## Try it
An exact copy of the data below is needed; please leave out any pictures.

## Supplied material
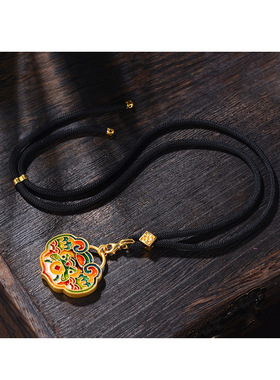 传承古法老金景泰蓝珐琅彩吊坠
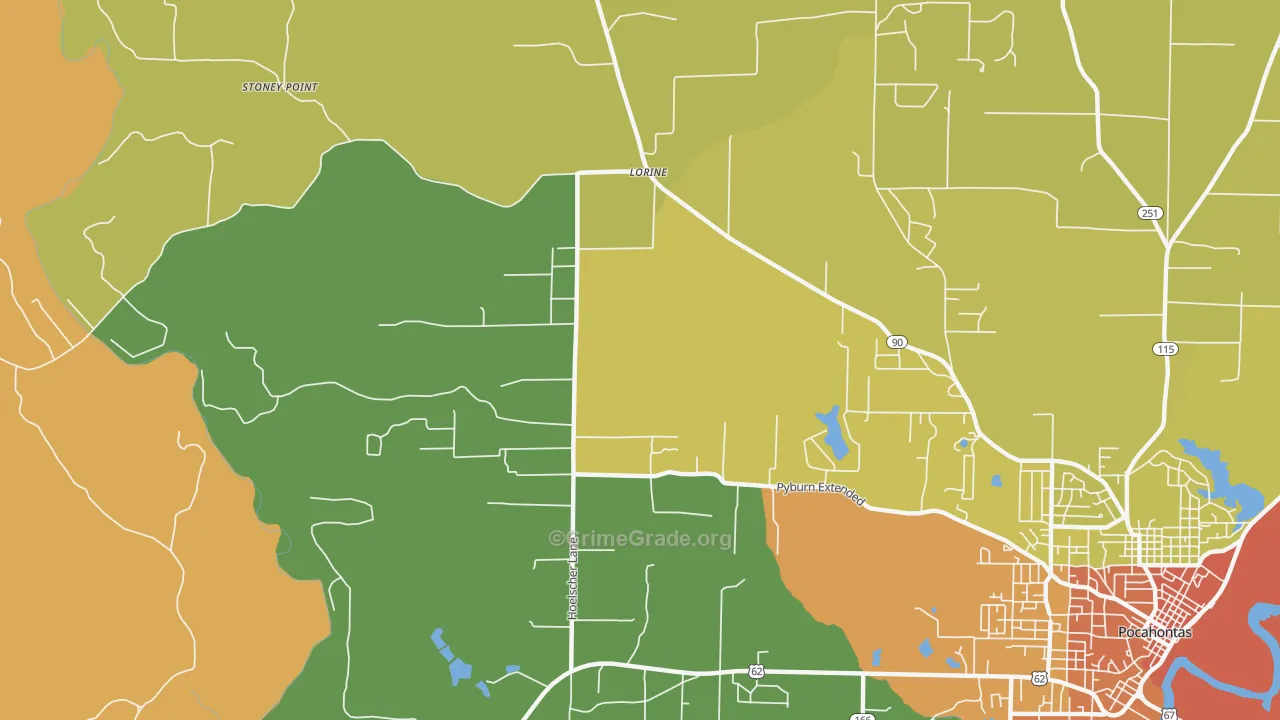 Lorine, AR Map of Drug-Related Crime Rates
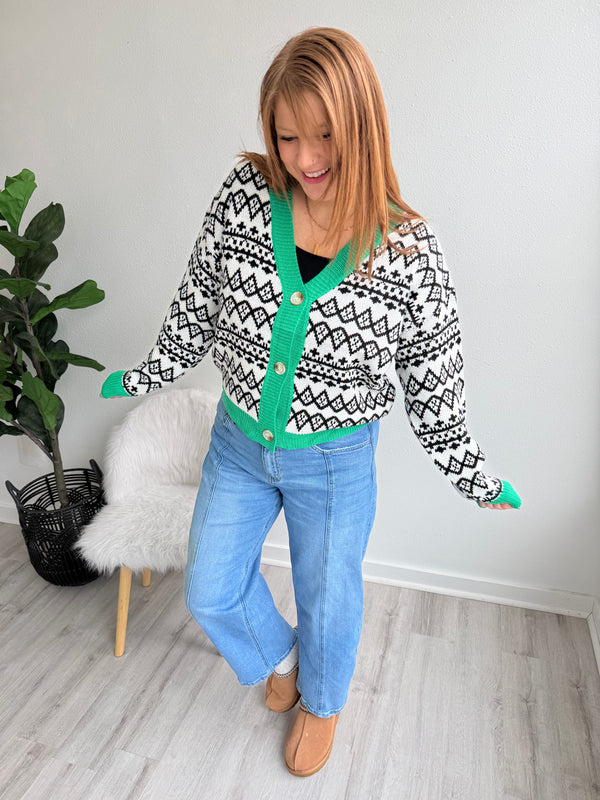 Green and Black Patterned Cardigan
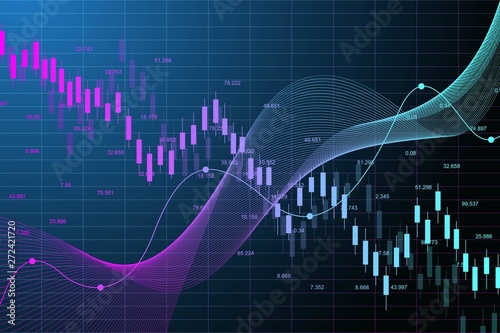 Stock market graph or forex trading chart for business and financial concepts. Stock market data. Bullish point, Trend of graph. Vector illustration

## Reply
 传承古法老金景泰蓝珐琅彩吊坠
 Lorine, AR Map of Drug-Related Crime Rates
 Green and Black Patterned Cardigan
 Stock market graph or forex trading chart for business and financial concepts. Stock market data. Bullish point, Trend of graph. Vector illustration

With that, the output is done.